When I was a kid, I didn't have much use for textbook history, and I figured out pretty quickly that all anyone had to do was read the summary at the end of the chapter in order to pass the test. That way I could spend less time reading some boring old garbage about Manifest Destiny and melting pots and more time reading what I wanted to read: fiction. Then I grew up a little and found out the truth, that history is really just one big long story, and best of all, it is a story starring the infinitely interesting human race. The difference was all in the telling. A fascinating tale of mystery, intrigue, bravery and skill? Or a bone dry recitation of some moldy old facts. It can go either way.

Telling someone the history of your life is not the same as a tale starring the brave patriots of yore, though it can be equally interesting. It all depends on your audience. You can be well into the tale of how you were stung by a bee because one flew into your can of Dr. Pepper while you were bouncing on the trampolines in Beach Haven, New Jersey, and suddenly notice that your audience is inching away from you in an attempt to escape. It's a lot like hearing someone else's dream. You had to be there, and fortunately for you, you were.

Tales of the amazing and adorable things your children have said and done are of a similar vein: infinitely interesting to you, unbelievably tedious to others. However, there is one audience that is always eager for more stories, more details, more information — the children themselves. The greatest story ever told, one which most everyone knows a different but similar version of is "The Day You Were Born." Birthdays are an ideal time for trotting out the hilarious tales of Mom lumbering about, the long (or short) labor, the amazing delivery and the miraculous first days at home with a new person.

We travel about town a lot, like most busy folks with busy kids. One of our favorite pastimes is Historical Tour. It's never planned, but there we will be driving down Grand Avenue and all of a sudden we are driving by the park my daughter first played at. There's the DulceLandia on Fullerton where she and I went every Monday on our way to the bus after our babysitting job to buy a dollar's worth of bizarre candy and marvel at the piñatas of all shapes and sizes. A drive on Ashland brings up the stories of the apartment on Wellington that I lived in with my girlfriends back in the day: no heat, no money and lots of live music. Hilarity ensued. There were trombones at 3am, and a Fourth of July party that went down in infamy.

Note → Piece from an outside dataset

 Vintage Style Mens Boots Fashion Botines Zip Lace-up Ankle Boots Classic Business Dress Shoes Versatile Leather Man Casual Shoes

We wonder, while driving down Western, about a long ago neighbor, Wanda, and her magnificent lawn, and whether she is still alive. She told stories about Riverside Park, and taking the streetcar with her girlfriends, spending all of their money on bumper cars and lemonade and not having car fare home. Wanda's upstairs neighbor, Mr. Christopher, was one of the more than 700 elderly citizens to die in the heat wave of 1995. I walked down the street in my nightgown that summer, pregnant and seeking air conditioning at my friends tiny apartment a few blocks away, an image that mystifies and delights my children.

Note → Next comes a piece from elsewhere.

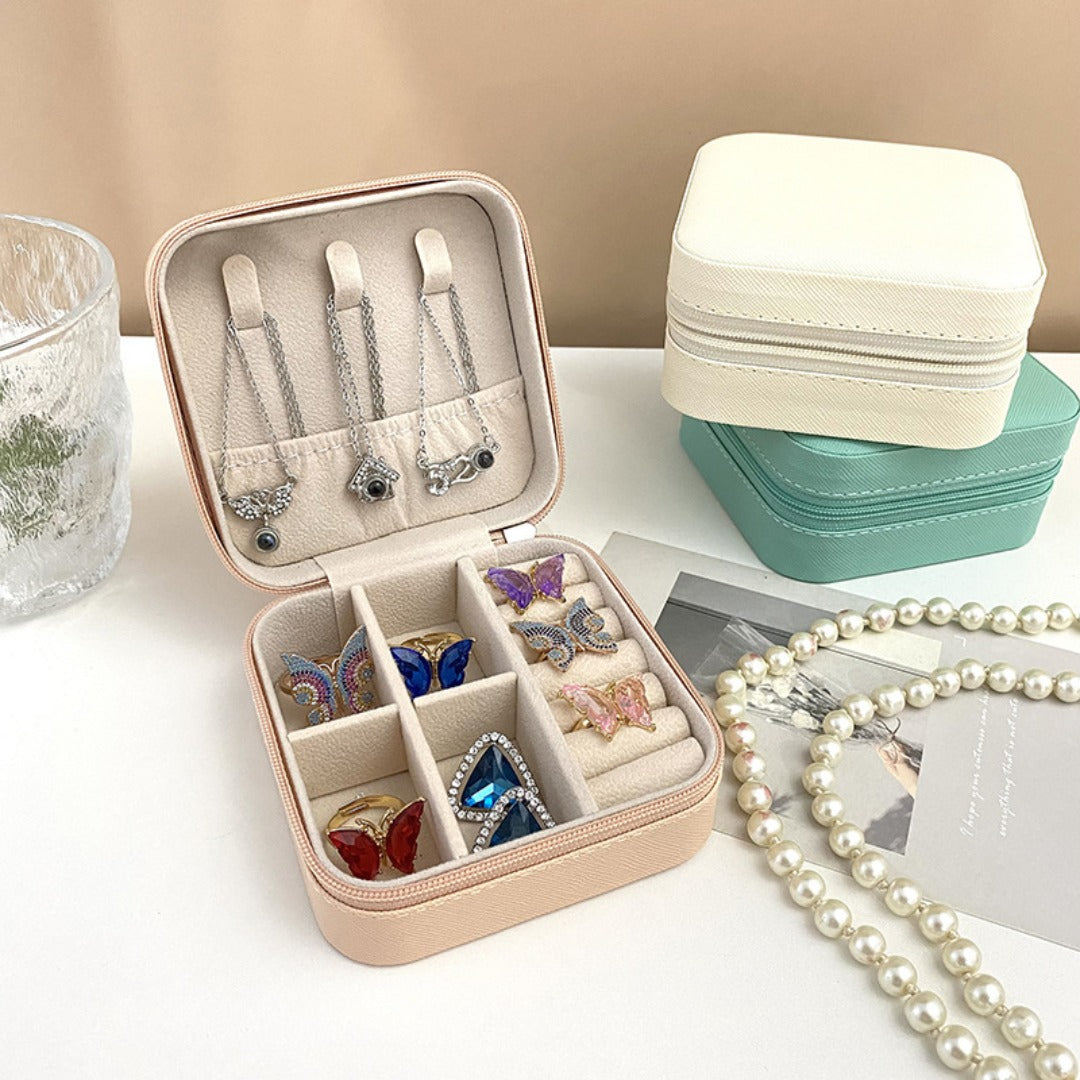 Portable Travel Jewelry Organizer | Zippered PU Leather Case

We drive past the building where my daughter was born in Humboldt Park with the carneceria on the corner, run by Junior, a former postman turned neighborhood mayor. The boys weren't born there, but they have a connection to the building, too, because it's where their Dad buried his beloved cat in the side yard. Smoot's grave is now the home of a giant condo, surely haunted by the ghost of a very unusual white cat with orange spots. We bet no one ever gets a good night's sleep in that building.

The middle boy has the great honor of owning the tale about the now extinct Brickyard Mall, where I, 8 months pregnant with him, was mugged in the parking lot. That hole was torn down a few years ago, and a brand new palace of commerce was built, but for our family the ghost of that mugging is still there, complete with the dramatic end: Daddy and Daughter running all the way from home to save Mom.

We drive by the sight of the fabled perfect construction zone, where we once watched a giant excavator lower a bobcat on a cable into a gaping hole in the street. It's only a few blocks away and was a daily afternoon diversion for a few weeks. The only evidence of the event is a slight discoloration in the surface of the street, but it's all still in our minds: that heavy machine dangling by one slim cable, men at work, paying not the slightest bit of attention to a small boy pedaling up on his tricycle, being held aloft by his mother so he could see better.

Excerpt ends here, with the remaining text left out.